The highest paid CEO of a Georgia public company should get a negative vote on pay from shareholders, according to an influential advisory firm.

Ronald Clarke, the CEO of Gwinnett County-based Fleetcor Technologies, made nearly as much last year as the CEO of Wal-Mart, the world's biggest company, according to a ranking by Equilar, an executive research firm.

Now, another firm, proxy advisor Institutional Shareholder Services, has recommended that shareholders vote no in Fleetcor's non-binding say-on-pay vote, which comes up at the company's June 21 annual meeting.

ISS valued Clarke’s 2016 compensation at $35.8 million. In a report released this week, it said he got an “outsized” grant of equity that included financial targets set lower than other metrics. His equity grant alone was “over three times greater than the median total pay of CEOs at the companies similar in size and industry.”

While Fleetcor’s total stock returns over time have been solid, Clarke’s pay is “excessive in consideration of its magnitude and design,” according to ISS.

A representative of Fleetcor has previously said it does not comment on executive compensation.

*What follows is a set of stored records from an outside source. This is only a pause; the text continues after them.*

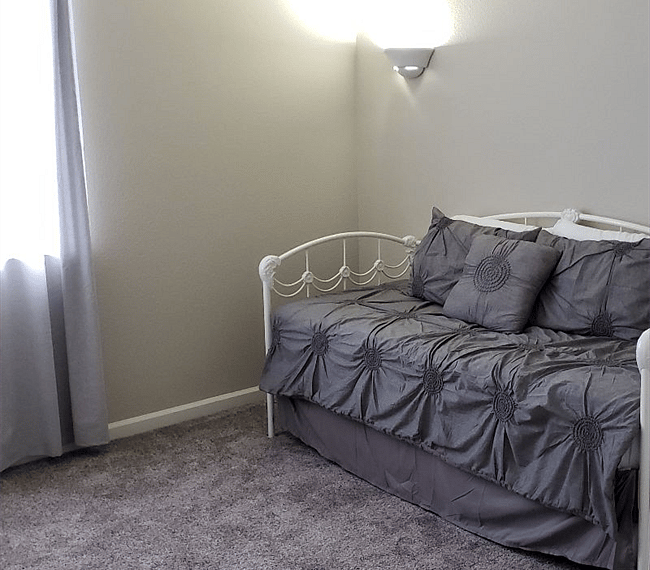 Guest Bedroom (Trundle day bed = two twins or pop-up to mimic King)
Antique Desk in this room. 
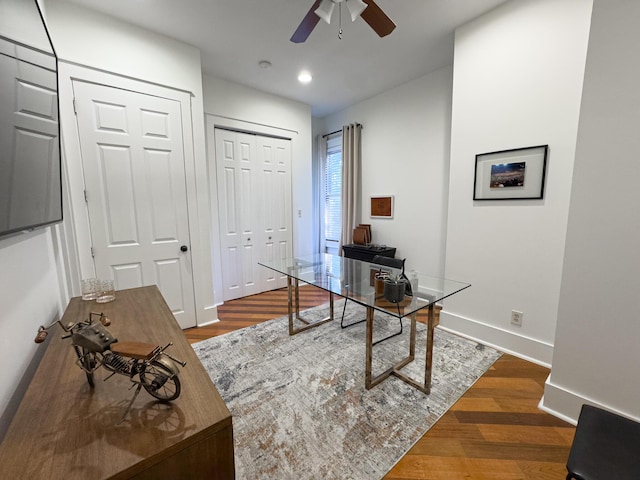 home office featuring dark hardwood / wood-style floors and ceiling fan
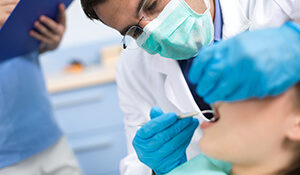 dentist conducting oral examination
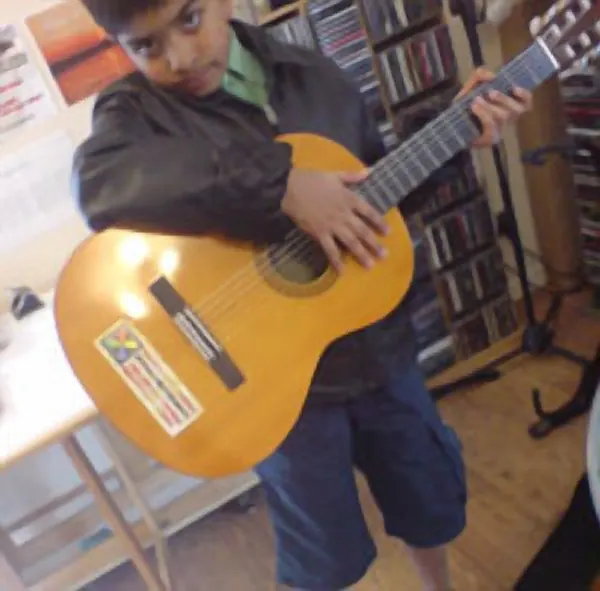 Sid the Kid with the classical guitar they play in lessons at Cool Gool Music, south east London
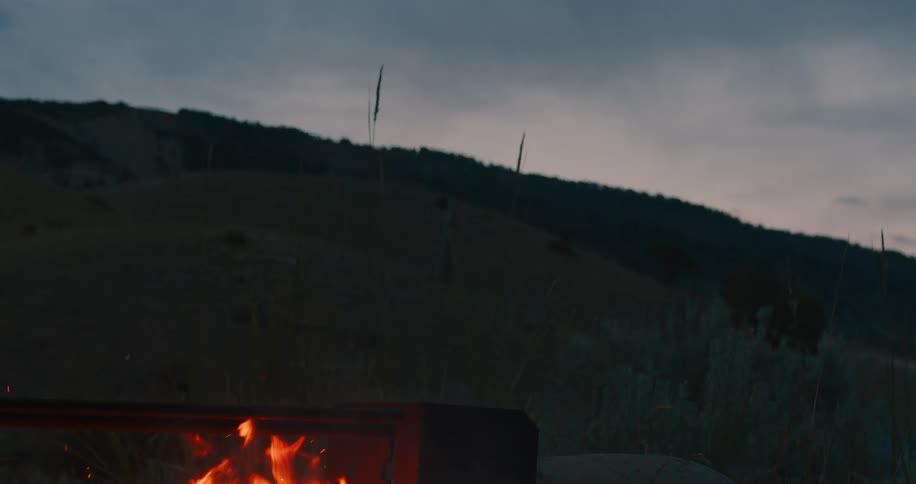 A bonfire is before the mountain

The earlier pay ranking by Equilar, which uses its own methodology, put Clarke's compensation at 45th in the nation, just behind that of the CEOs for Starbucks and Wal-Mart and ahead of the leaders of much larger Georgia-based companies, including Home Depot, UPS, Coca-Cola Co. and Delta Air Lines.

Fleetcor supplies fuel cards, toll cards and other credit card-like services for use by employees of companies and governments. It had $1.83 billion in revenue last year.